To do so, it is useful to break the acoustics of a real world environment into three components: the sound source, the acoustic environment, and the listener:
this is an object in the world that emits sound waves. Examples are anything that makes sound - cars, humans, birds, closing doors, and so on. Sound waves get created through a variety of mechanical processes. Once created, the waves usually get radiated in a certain direction. For example, a mouth radiates more sound energy in the direction that the face is pointing than to side of the face.
once a sound wave has been emitted, it travels through an environment where several things can happen to it: it gets absorbed by the air (the high frequency waves more so than the low ones. The absorption amount depends on factors like wind and air humidity); it can directly travel to a listener (direct path), bounce off of an object once before it reaches the listener (first order reflected path), bounce twice (second order reflected path), and so on; each time a sound reflects off an object, the material that the object is made of has an effect on how much each frequency component of the sound wave gets absorbed, and how much gets reflected back into the environment; sounds can also pass through objects such as water, or walls; finally, environment geometry like corners, edges, and small openings have complex effects on the physics of sound waves (refraction, scattering).

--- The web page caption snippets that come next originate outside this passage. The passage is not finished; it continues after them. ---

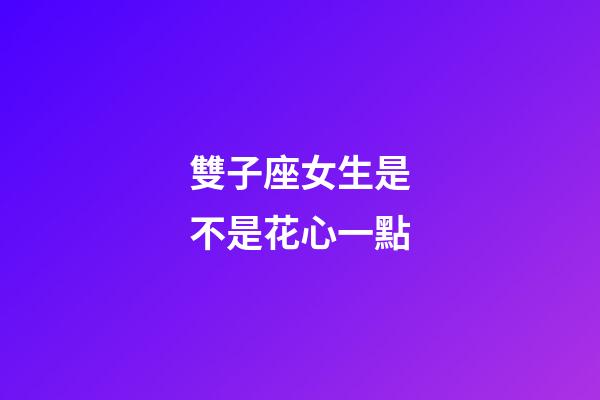 雙子座女生是不是花心一點-第1張-星座運勢-玄機派
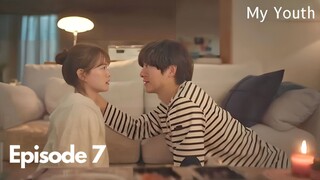 My Youth Episode 7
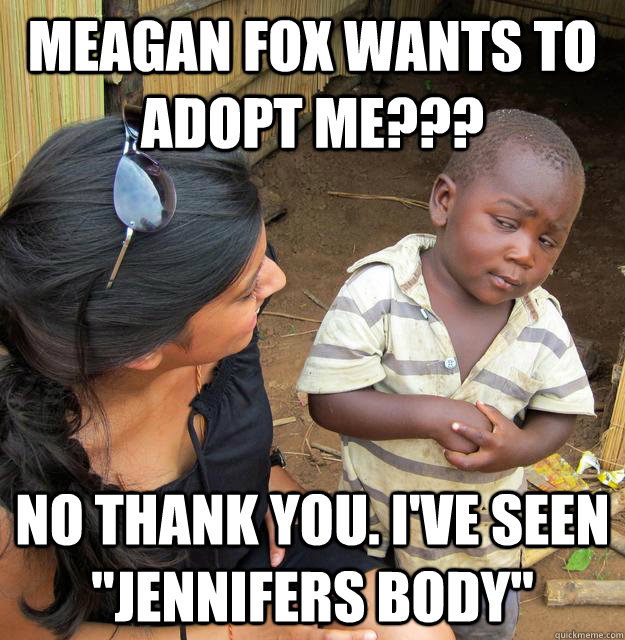 meagan fox wants to adopt me??? No thank you. I've seen 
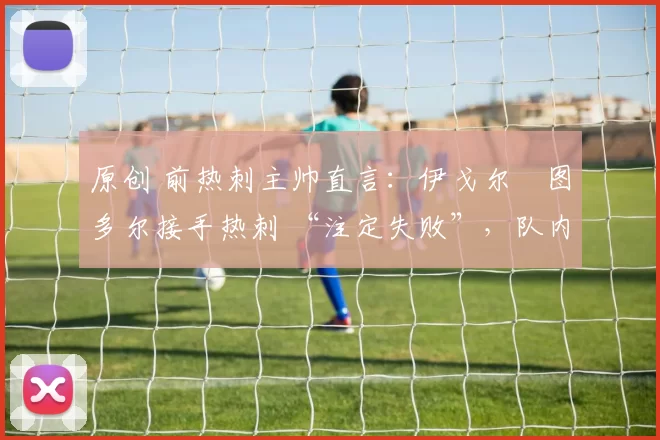 原创 前热刺主帅直言：伊戈尔・图多尔接手热刺 “注定失败”，队内氛围 “ toxic 至极”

this is a sound-receiving object, typically a "pair of ears". The listener uses acoustic cues to interpret the sound waves that arrive at the ears, and to extract information about the sound sources and the environment.

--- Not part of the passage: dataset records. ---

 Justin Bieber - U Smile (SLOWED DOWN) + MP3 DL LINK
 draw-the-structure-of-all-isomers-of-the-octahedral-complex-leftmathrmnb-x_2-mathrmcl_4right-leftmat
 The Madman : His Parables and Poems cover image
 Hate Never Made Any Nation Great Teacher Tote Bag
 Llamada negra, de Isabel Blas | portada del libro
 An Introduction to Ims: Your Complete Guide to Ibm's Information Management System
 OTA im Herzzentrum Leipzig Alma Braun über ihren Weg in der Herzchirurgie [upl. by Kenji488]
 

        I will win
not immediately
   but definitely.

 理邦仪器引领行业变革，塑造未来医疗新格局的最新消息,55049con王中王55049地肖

A 3D audio system aims to digitally reproduce a realistic sound field. To achieve the desired effect a system needs to be able to re-create portions or all of the listening cues discussed in the previous chapter: IID, ITD, outer ear effects, and so on. A typical first step to building such a system is to capture the listening cues by analyzing what happens to a single sound as it arrives at a listener from different angles. Once captured, the cues are synthesized in a computer simulation for verification.
The majority of 3D audio technologies are at some level based on the concept of HRTFs, or Head-Related Transfer Functions. An HRTF can be thought of as set of two audio filters (one for each ear) that contains in it all the listening cues that are applied to a sound as it travels from the sound's origin (its source, or position in space), through the environment, and arrives at the listener's ear drums. The filters change depending on the direction from which the sound arrives at the listener. The level of HRTF complexity necessary to create the illusion of 3D realistic hearing is subject to considerable discussion and varies greatly across technologies.

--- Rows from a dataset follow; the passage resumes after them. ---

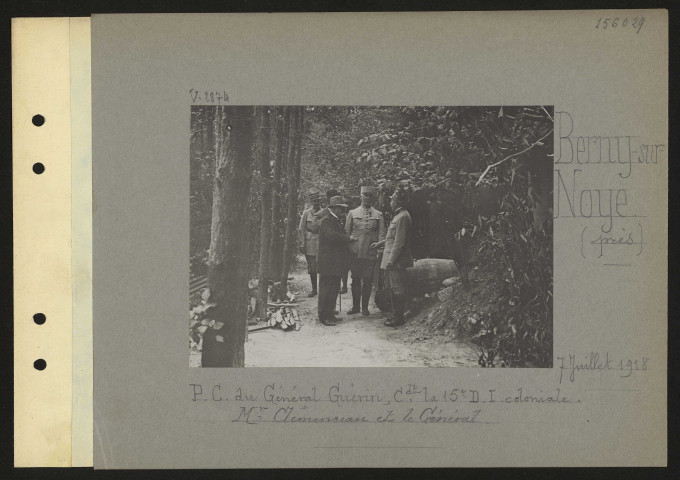 Berny-sur-Noye (près). Poste de commandement du général Guérin, commandant la 15e division d'infanterie coloniale. Monsieur Clémenceau et le général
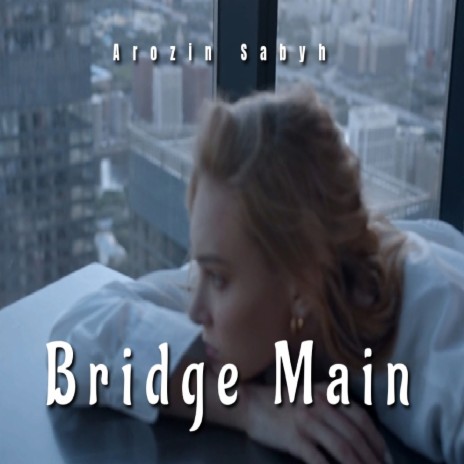 Bridge Main | Boomplay Music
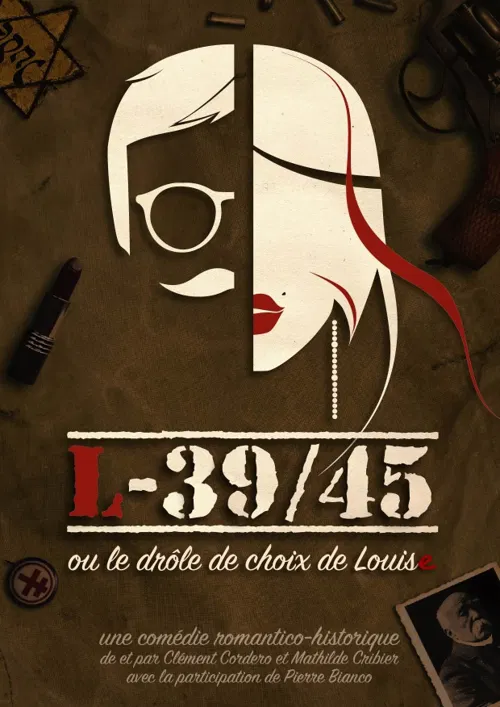 Affiche de L-39/45 ou le drôle de choix de Louis(e)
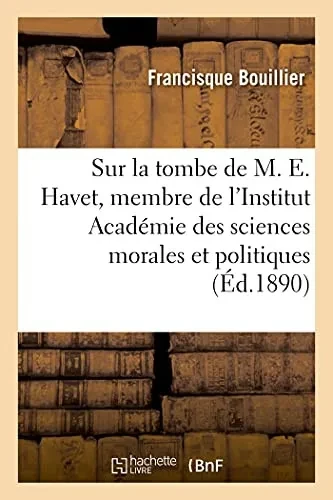 Sur La Tombe De M. Ernest Havet, Membre De L'Institut Acadã©Mie Des Sciences Morales Et Politiques: Professeur Honoraire Au Collã¨Ge De France. Discours ... 24 Dã©C. 1889 (Histoire) (French Edition)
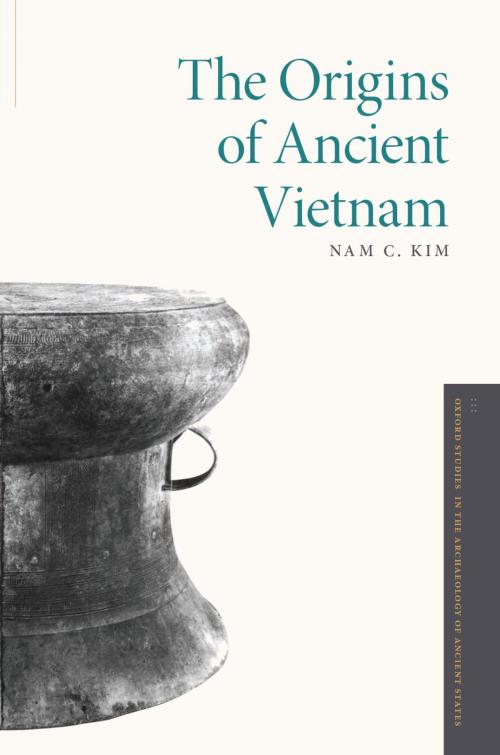 Cover of the book The Origins of Ancient Vietnam by Nam C. Kim, Oxford University Press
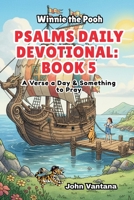 Psalms Daily Devotional: Book 5: With Winnie-the-Pooh: A Verse A Day & Something To Pray: Days 149-185 (6x9) (Honey Tree Tales) B0GX1T67PJ Book Cover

The most common method of measuring the HRTF of an individual is to place tiny probe microphones inside a listener's left and right ear canals, place a speaker at a known location relative to the listener, play a known signal through that speaker, and record the microphone signals. By comparing the resulting impulse response with the original signal, a single filter in the HRTF set has been found. After moving the speaker to a new location, the process is repeated until an entire, spherical map of filter sets has been devised.